人材難に向けて福利厚生の充実化を検討しよう

大企業と中小企業の違いは、福利厚生面に大きく表れます。資金が潤沢な大企業のほうが、保養所や社員寮、運動施設といった各種福利厚生施設が充実している傾向にあります。「無い袖は振れない」と、福利厚生の充実化を見送る中小企業は少なくありません。しかし、昨今の人材難から、中小企業も福利厚生の充実化を検討する必要が出ています。

低コストで福利厚生を厚くする方法

福利厚生の目的は、従業員の経済的保障を手厚くすることで、従業員の組織貢献度と勤労意欲が高まり、生産性が向上することにあります。従業員が喜ぶ福利厚生制度があると、定着率が上がり、良い人材が集まりやすくなることも期待できます。

一方、中小企業が福利厚生を独自に充実させるのは、コスト面で限界があります。比較的低コストで福利厚生を厚くする方法についてご紹介します。

 

・中小企業勤労者福祉サービスセンターの活用

中小企業勤労者福祉サービスセンターは、中小企業勤労者の総合的な福祉を増進するために、原則として市区町村を単位として設立された団体です。中小企業単体では実施が難しい福利厚生について、地域の中小企業勤労者の事業主が共同し、総合的な福祉事業を実施しています。

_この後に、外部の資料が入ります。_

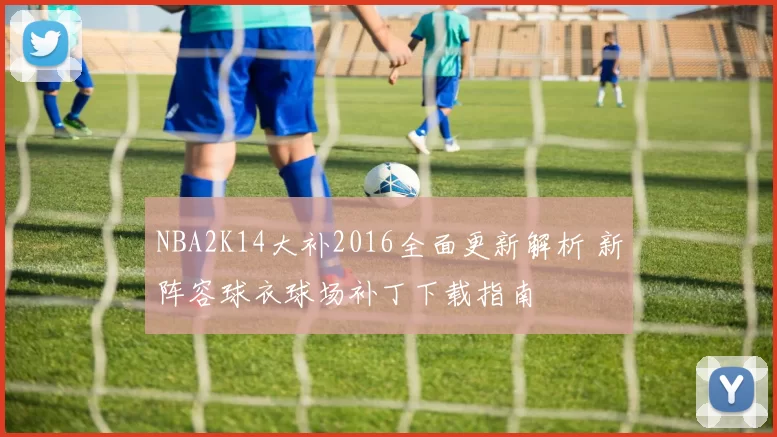 NBA2K14大补2016全面更新解析 新阵容球衣球场补丁下载指南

事業主としては、自社単独で実施するよりも安い経費負担で従業員の福利厚生を充実させることができるメリットがあります。会社単位で加入した場合、会社が負担した入会金や会費は経費として計上が可能です。

 

・専門業者にアウトソーシングする

福利厚生の専門業者などにアウトソーシングする方法もあります。福利厚生を外部に委託することで、会社は本業に集中することができます。自社単独で実施するよりも低コストで運用できる点も魅力です。

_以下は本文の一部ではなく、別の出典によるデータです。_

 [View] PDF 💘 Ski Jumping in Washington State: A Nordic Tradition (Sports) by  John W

福利厚生のアウトソーシングは、専門業者をはじめ、商工会議所、生命保険会社、人材派遣会社など多彩な業者が扱っています。自社の目的にマッチしたサービスを選択しましょう。

福利厚生を充実させると、従業員のモチベーションが上がり、業績アップが期待できます。従業員満足度も向上し、長年にわたって会社に定着してくれるようになり、良い人材の確保につながるでしょう。